● TASK ITEM: Each line containing the word "This" must be copied from the material below.

● EXTRACTED DATA:

-*-*-

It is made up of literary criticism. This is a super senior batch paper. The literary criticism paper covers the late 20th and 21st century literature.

-*-*-

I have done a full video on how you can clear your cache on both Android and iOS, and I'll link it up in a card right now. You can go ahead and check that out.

-*-*-

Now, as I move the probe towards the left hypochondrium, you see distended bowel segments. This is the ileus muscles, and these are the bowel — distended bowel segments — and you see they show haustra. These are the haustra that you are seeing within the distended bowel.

-*-*-

● TASK ANSWER:
It is made up of literary criticism. This is a super senior batch paper. The literary criticism paper covers the late 20th and 21st century literature.
Now, as I move the probe towards the left hypochondrium, you see distended bowel segments. This is the ileus muscles, and these are the bowel — distended bowel segments — and you see they show haustra. These are the haustra that you are seeing within the distended bowel.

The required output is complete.